> _Task description_
Repeat exactly the lines below that lie between the line with "Winter Women Mid-length" and the line with "Short bleu tissu", counting both of those lines as part of the answer.

> _Working data_
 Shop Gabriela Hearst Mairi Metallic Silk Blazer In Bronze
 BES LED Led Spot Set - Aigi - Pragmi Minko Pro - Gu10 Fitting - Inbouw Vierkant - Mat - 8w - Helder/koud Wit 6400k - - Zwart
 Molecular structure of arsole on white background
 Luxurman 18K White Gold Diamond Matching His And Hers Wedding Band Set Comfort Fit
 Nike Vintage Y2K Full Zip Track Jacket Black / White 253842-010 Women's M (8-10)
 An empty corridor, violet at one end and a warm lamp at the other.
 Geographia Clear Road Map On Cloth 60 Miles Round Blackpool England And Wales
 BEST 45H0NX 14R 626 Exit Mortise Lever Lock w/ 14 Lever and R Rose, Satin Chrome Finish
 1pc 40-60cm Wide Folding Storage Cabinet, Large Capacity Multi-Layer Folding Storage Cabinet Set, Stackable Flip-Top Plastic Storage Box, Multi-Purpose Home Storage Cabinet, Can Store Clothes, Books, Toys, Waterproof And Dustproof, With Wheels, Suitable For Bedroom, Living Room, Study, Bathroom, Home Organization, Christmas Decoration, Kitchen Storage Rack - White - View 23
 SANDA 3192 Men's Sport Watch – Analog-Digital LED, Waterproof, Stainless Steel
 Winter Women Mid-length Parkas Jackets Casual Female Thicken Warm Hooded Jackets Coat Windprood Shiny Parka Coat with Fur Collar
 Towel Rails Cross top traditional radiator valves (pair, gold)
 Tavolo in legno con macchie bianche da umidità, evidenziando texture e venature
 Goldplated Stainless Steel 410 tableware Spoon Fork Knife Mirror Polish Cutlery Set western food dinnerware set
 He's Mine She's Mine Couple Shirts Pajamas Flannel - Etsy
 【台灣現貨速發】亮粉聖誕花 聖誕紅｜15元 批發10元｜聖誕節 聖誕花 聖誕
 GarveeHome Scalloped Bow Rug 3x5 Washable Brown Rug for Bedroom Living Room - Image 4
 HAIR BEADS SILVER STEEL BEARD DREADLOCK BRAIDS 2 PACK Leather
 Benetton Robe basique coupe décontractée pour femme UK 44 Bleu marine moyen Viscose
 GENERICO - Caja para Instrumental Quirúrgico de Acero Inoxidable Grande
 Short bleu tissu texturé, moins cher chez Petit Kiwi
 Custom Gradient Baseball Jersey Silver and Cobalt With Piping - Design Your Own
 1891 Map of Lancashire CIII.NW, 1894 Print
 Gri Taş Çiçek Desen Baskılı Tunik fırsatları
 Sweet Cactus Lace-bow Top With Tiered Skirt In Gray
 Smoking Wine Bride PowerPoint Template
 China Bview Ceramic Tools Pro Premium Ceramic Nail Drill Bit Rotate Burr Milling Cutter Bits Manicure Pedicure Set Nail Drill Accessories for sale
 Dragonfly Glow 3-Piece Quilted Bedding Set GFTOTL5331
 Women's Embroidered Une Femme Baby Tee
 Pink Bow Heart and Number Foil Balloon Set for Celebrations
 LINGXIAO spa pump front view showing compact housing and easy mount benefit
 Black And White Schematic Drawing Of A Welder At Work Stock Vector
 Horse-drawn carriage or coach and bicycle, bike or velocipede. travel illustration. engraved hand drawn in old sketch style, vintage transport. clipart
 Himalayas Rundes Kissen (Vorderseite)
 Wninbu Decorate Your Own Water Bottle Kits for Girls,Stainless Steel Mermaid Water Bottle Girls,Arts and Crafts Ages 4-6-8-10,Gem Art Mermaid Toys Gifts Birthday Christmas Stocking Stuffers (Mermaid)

> _Solution for this task_
 Winter Women Mid-length Parkas Jackets Casual Female Thicken Warm Hooded Jackets Coat Windprood Shiny Parka Coat with Fur Collar
 Towel Rails Cross top traditional radiator valves (pair, gold)
 Tavolo in legno con macchie bianche da umidità, evidenziando texture e venature
 Goldplated Stainless Steel 410 tableware Spoon Fork Knife Mirror Polish Cutlery Set western food dinnerware set
 He's Mine She's Mine Couple Shirts Pajamas Flannel - Etsy
 【台灣現貨速發】亮粉聖誕花 聖誕紅｜15元 批發10元｜聖誕節 聖誕花 聖誕
 GarveeHome Scalloped Bow Rug 3x5 Washable Brown Rug for Bedroom Living Room - Image 4
 HAIR BEADS SILVER STEEL BEARD DREADLOCK BRAIDS 2 PACK Leather
 Benetton Robe basique coupe décontractée pour femme UK 44 Bleu marine moyen Viscose
 GENERICO - Caja para Instrumental Quirúrgico de Acero Inoxidable Grande
 Short bleu tissu texturé, moins cher chez Petit Kiwi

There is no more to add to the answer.